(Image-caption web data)
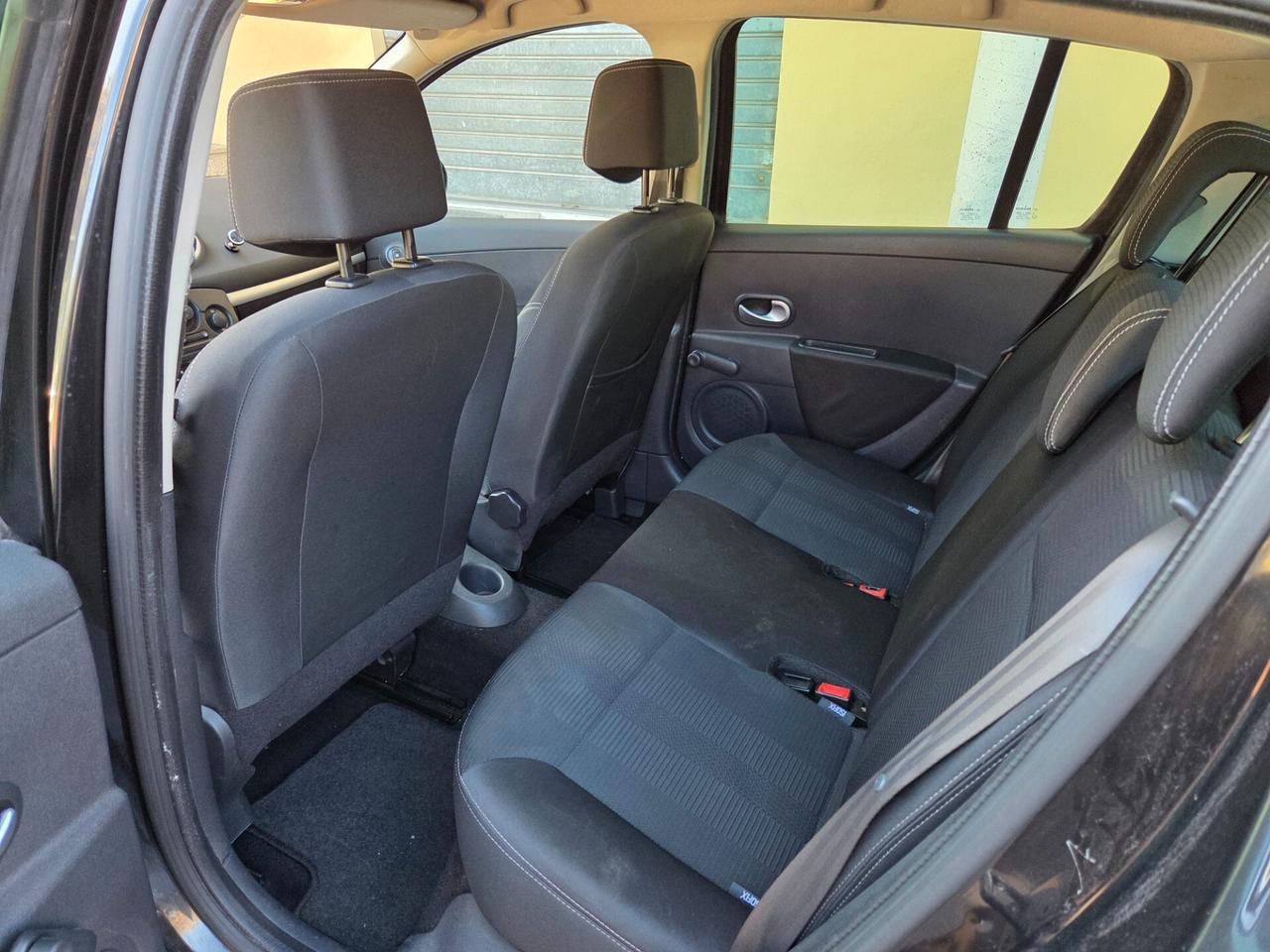 Renault Clio 1.5 dCi 5 porte Luxe NEOPATENTATI!!!!!!!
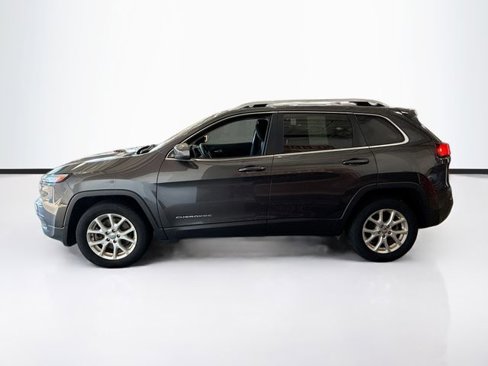 Used 2016 Jeep Cherokee Latitude image 9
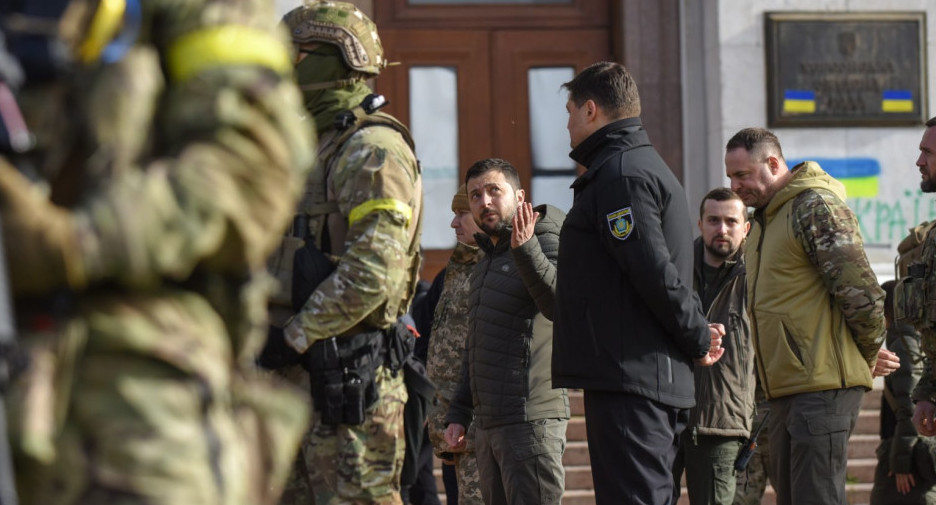 Zelenski junto al ejército ucraniano. Foto: EFE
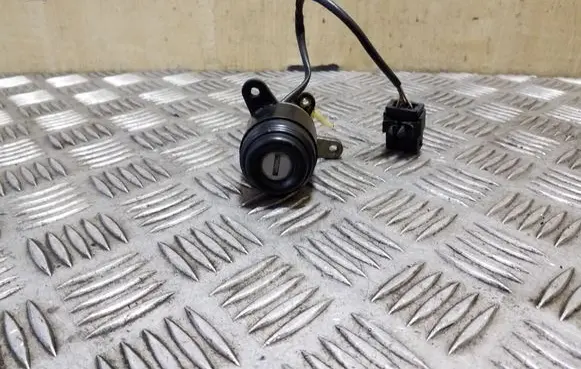Audi 80 90 S2 B4 Tailgate exterior lock 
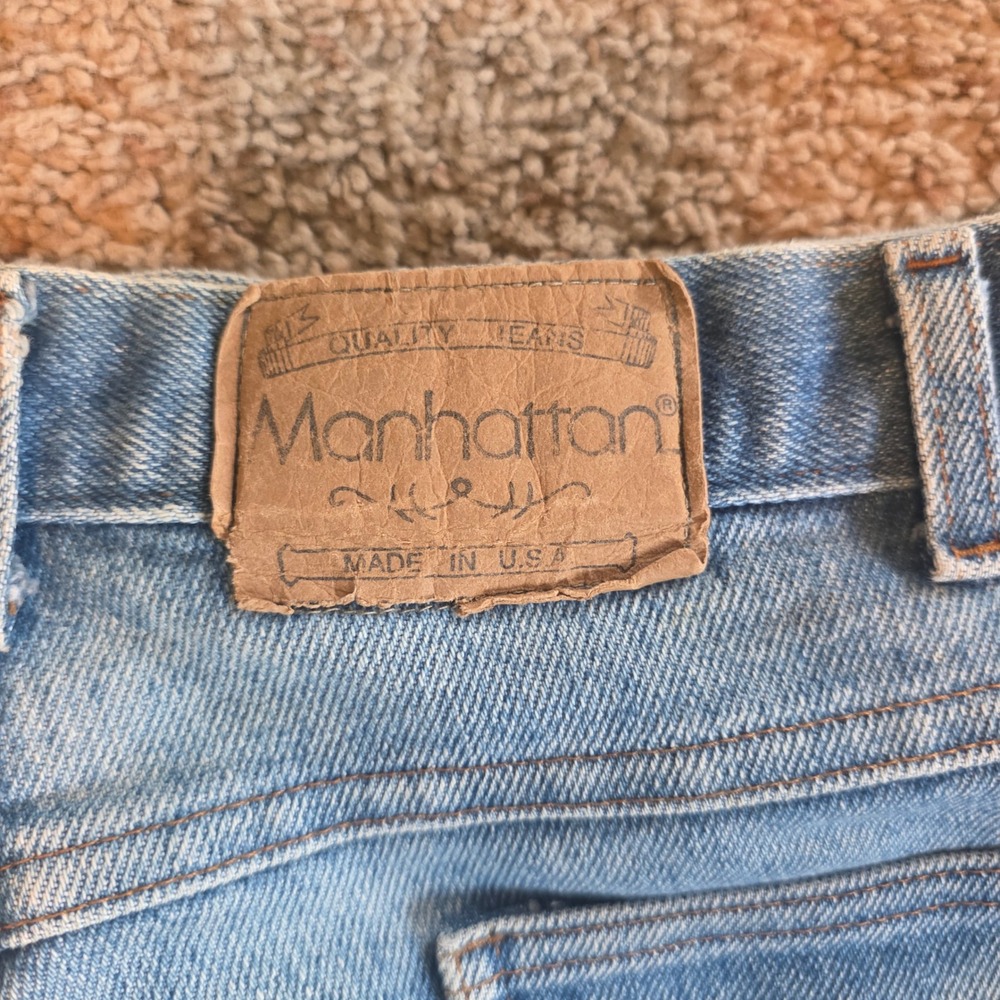 Vintage Manhattan Mens Light Wash Straight‎ Leg Jeans Made in USA 36x34 Blue - Picture 9 of 9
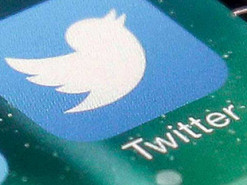 Від імені Дмитра Медведєва з’явилося два дивних твіти. Заявляють про злам акаунту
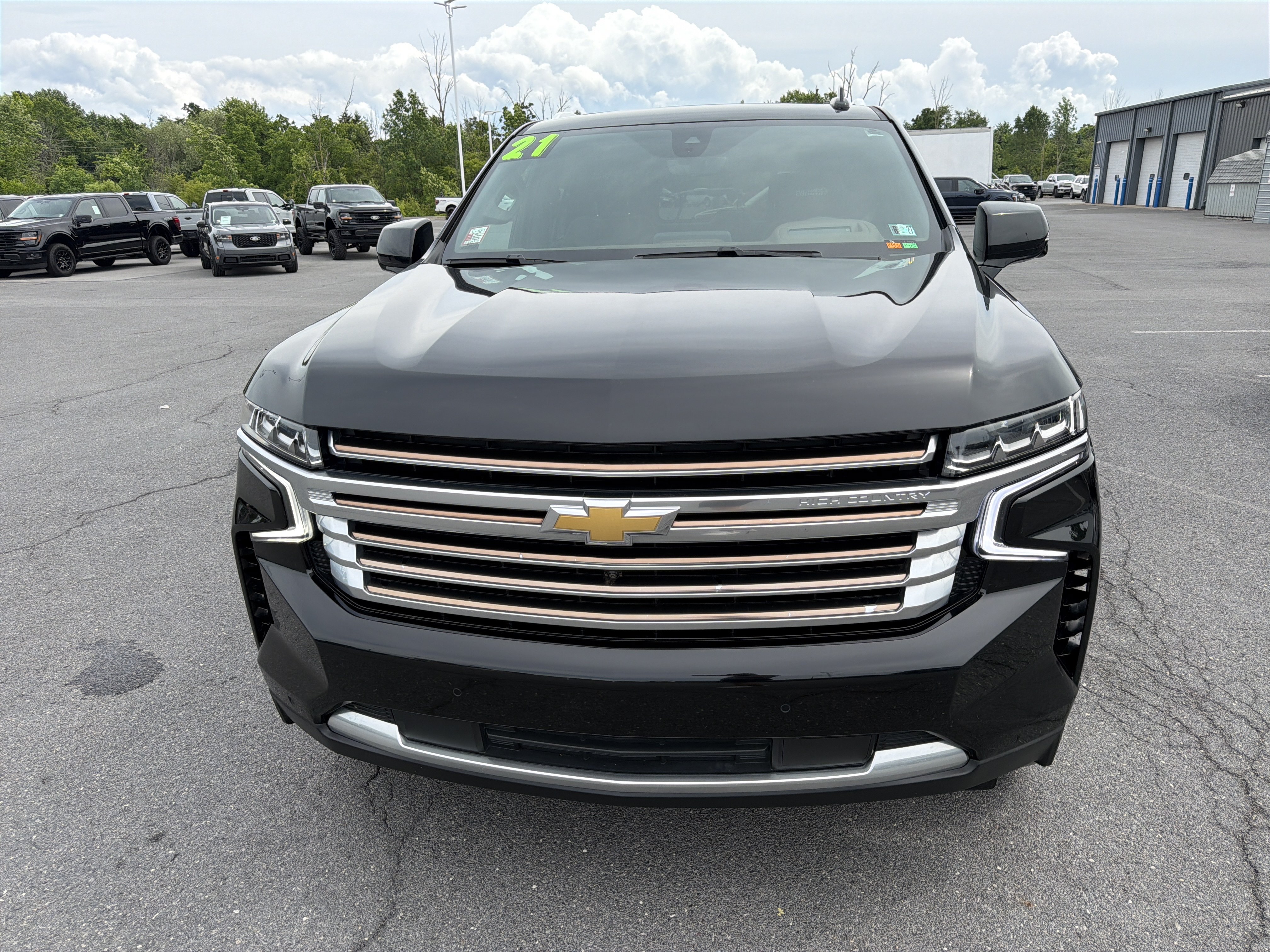 Used 2021 Chevrolet Tahoe High Country w/ Premium Package AWD/4WD image 12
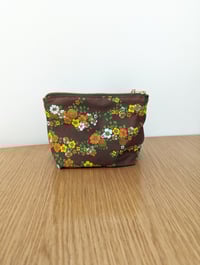 Image 2 of Pochette Brown Bouquet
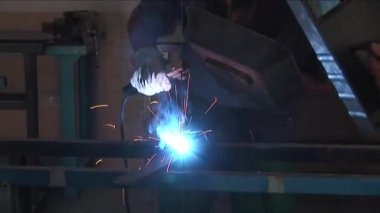 Kaynakçı ve öğrenciyle geniş kaynak yayı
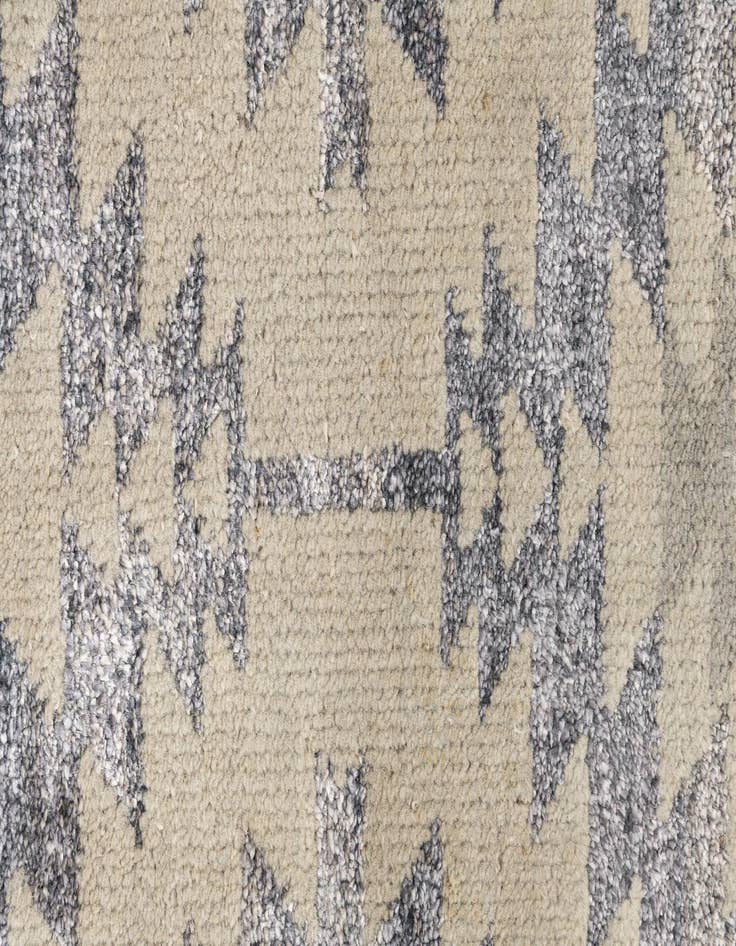 Detail image of  5' x 7' 8  Hand Knotted Darya Rug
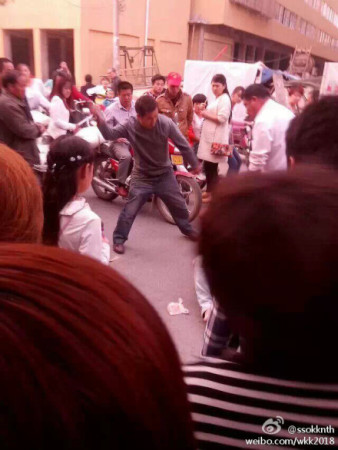 河南平舆多名小孩被当街砍伤 民众齐力将凶手制服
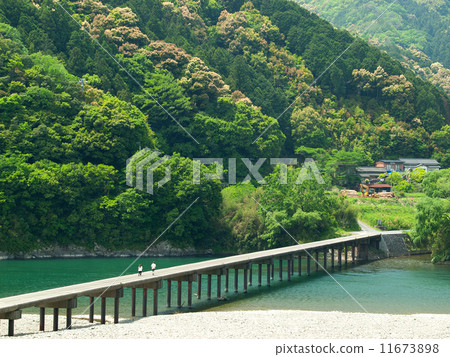 Katsushika Sediment Bridge 11673898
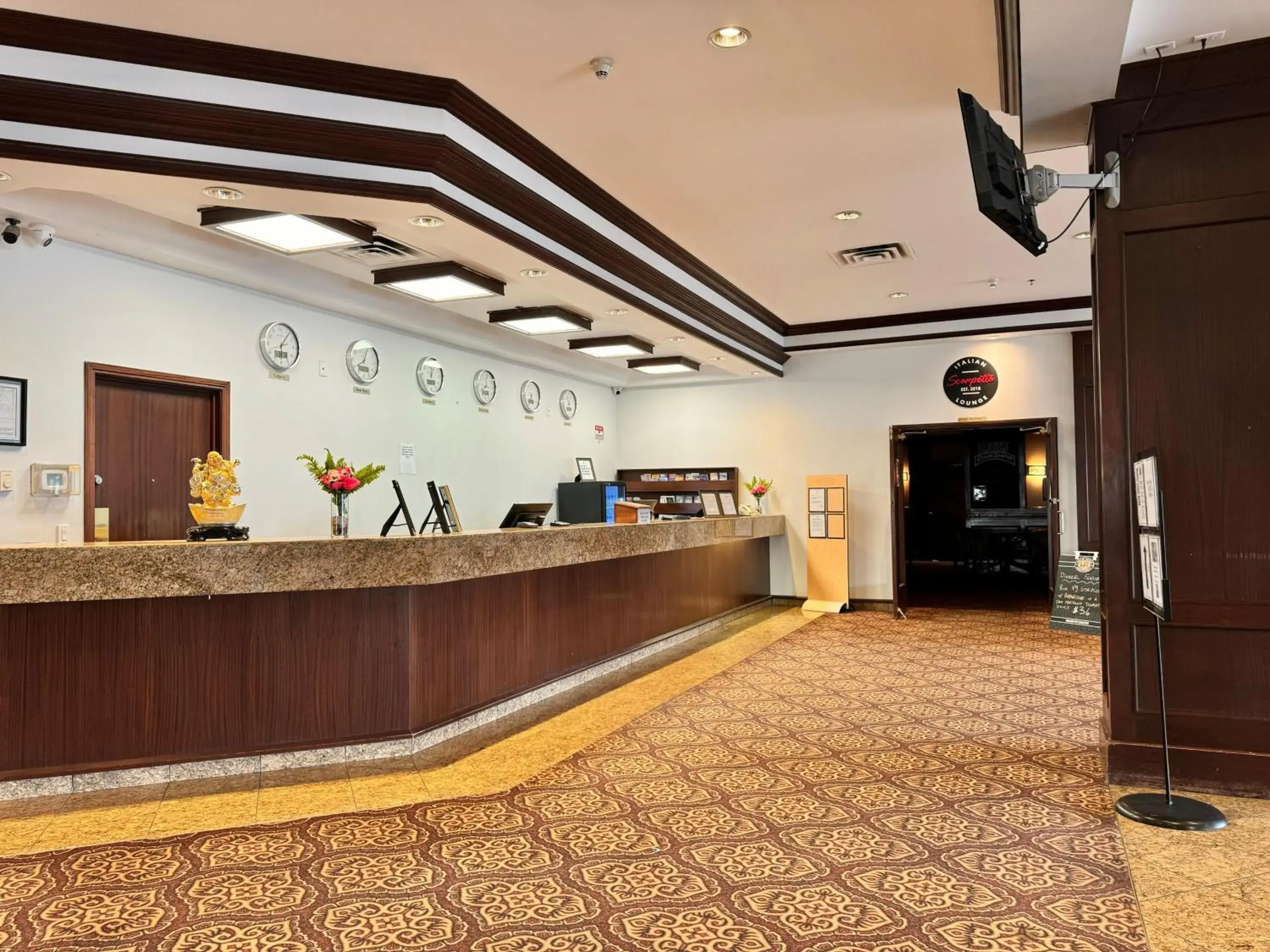 Lobby or reception in Divya Sutra Plaza and Conference Centre Calgary Airport Lobby or reception in Divya Sutra Plaza and Conference Centre Calgary Airport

#### YOUR OBJECTIVE:
Copy out nothing but the lines from the beginning of the records through the one that contains "Vintage Manhattan Mens". Skip the pictures.

#### SOLUTION:
 Renault Clio 1.5 dCi 5 porte Luxe NEOPATENTATI!!!!!!!
 Used 2016 Jeep Cherokee Latitude image 9
 Zelenski junto al ejército ucraniano. Foto: EFE
Audi 80 90 S2 B4 Tailgate exterior lock 
 Vintage Manhattan Mens Light Wash Straight‎ Leg Jeans Made in USA 36x34 Blue - Picture 9 of 9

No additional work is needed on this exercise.